▶ **WHAT YOU HAVE TO DO**
Within the material below, how many lines carry the word "Women"? Only that number is wanted.

···

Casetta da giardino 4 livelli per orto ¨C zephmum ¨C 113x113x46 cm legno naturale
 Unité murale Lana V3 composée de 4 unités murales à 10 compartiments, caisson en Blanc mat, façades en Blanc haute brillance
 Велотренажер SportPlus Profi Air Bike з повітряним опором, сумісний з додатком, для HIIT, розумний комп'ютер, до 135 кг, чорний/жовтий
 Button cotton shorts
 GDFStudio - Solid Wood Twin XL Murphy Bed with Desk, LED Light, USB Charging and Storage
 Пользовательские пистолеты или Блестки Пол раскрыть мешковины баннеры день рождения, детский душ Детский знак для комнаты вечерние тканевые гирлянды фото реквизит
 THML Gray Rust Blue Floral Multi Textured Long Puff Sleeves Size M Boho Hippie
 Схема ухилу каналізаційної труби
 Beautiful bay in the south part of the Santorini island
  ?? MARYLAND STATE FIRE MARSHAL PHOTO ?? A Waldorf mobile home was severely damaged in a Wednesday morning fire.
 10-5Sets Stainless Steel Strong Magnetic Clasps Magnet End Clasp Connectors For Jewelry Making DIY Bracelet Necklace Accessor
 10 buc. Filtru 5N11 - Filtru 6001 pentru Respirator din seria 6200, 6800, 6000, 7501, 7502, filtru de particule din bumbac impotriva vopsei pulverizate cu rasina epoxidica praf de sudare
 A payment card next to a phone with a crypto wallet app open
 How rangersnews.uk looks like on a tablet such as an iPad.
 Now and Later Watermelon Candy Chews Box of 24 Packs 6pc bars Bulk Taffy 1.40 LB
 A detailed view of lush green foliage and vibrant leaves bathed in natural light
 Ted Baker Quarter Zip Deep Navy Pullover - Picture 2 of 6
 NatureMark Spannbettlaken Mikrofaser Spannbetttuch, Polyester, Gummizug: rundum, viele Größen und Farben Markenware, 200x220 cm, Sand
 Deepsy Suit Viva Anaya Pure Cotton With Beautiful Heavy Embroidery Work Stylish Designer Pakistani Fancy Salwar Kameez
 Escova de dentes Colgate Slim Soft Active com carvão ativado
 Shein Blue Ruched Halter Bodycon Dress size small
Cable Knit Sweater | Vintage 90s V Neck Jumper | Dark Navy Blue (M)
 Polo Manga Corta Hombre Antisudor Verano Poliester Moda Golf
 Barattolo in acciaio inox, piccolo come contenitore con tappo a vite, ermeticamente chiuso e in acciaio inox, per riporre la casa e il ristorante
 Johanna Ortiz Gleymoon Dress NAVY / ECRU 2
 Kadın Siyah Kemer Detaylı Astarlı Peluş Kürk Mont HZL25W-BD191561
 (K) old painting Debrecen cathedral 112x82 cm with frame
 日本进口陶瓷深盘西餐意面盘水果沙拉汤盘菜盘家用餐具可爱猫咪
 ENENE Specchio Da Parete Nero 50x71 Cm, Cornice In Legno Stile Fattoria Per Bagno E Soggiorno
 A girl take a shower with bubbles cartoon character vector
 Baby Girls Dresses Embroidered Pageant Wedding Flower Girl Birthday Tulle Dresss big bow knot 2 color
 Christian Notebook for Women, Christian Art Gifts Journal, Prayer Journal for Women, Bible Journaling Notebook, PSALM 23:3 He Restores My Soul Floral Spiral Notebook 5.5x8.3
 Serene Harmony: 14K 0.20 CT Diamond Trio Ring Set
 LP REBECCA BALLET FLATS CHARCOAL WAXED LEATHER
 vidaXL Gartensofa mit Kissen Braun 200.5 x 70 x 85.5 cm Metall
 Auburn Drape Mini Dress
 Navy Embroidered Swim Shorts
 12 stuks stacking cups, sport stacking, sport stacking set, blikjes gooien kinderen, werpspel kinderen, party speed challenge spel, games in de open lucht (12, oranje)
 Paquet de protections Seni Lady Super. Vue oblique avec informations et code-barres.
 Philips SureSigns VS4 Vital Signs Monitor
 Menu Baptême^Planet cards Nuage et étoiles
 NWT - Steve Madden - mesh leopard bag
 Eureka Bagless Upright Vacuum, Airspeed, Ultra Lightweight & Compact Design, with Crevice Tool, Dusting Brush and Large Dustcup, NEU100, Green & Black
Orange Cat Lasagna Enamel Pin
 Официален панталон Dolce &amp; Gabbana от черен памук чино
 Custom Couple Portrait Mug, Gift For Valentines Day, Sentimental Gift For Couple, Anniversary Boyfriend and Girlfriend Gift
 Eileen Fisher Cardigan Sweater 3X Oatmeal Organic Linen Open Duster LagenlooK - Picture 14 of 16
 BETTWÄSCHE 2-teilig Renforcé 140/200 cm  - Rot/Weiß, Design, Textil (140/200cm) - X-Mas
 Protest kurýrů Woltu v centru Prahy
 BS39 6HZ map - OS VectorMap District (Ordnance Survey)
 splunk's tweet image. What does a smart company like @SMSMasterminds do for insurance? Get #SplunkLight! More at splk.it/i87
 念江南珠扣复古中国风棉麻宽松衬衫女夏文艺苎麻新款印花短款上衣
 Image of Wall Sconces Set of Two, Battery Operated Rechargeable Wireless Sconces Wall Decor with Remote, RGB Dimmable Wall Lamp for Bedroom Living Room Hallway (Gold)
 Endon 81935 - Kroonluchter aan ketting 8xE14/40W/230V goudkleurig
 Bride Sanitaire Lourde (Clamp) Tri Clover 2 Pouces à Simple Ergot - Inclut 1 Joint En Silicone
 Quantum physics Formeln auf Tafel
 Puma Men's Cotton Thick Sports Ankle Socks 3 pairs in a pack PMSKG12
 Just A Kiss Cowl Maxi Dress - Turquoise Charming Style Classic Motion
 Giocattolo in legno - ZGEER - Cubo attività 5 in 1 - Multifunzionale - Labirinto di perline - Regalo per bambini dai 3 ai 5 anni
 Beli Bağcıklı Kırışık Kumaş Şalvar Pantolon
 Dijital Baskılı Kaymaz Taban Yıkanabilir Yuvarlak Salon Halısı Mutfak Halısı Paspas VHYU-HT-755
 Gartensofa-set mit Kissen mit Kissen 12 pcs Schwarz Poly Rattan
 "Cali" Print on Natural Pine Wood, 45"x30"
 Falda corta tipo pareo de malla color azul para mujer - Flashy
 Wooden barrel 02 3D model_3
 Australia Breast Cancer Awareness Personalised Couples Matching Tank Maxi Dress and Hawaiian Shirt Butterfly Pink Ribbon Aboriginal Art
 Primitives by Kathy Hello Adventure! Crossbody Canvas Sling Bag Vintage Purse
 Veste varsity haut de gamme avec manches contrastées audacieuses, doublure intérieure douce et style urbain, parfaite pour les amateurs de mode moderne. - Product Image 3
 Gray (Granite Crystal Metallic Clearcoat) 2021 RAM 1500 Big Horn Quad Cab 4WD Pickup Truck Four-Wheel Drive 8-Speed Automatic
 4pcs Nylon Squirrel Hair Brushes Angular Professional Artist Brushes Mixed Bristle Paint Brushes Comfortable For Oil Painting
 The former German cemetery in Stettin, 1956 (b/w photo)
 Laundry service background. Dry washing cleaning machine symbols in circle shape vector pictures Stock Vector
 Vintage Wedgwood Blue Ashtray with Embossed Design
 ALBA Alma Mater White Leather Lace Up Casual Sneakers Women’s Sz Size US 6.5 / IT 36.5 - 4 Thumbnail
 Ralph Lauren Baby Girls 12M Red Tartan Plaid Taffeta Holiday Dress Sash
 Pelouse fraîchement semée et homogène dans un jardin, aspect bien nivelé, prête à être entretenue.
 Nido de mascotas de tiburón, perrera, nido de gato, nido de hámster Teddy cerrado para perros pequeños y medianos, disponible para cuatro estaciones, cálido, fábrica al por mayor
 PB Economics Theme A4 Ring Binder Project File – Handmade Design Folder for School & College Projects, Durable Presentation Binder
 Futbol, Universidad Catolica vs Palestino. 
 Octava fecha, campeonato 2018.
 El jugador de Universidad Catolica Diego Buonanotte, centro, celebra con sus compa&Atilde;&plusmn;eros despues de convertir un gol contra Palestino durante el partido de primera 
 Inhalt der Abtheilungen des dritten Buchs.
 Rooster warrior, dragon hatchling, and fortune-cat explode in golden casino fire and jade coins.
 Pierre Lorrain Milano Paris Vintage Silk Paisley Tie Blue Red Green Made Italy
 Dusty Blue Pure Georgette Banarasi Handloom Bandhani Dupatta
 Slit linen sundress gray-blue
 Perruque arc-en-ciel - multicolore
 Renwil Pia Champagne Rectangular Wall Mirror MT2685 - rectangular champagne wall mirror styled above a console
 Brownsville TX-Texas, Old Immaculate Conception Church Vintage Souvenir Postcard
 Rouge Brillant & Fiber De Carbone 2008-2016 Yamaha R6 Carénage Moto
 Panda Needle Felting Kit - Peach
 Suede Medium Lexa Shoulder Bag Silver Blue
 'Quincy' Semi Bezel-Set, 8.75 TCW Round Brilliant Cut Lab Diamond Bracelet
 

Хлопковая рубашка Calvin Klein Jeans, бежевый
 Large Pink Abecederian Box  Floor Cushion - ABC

···

▶ **TASK RESPONSE**
2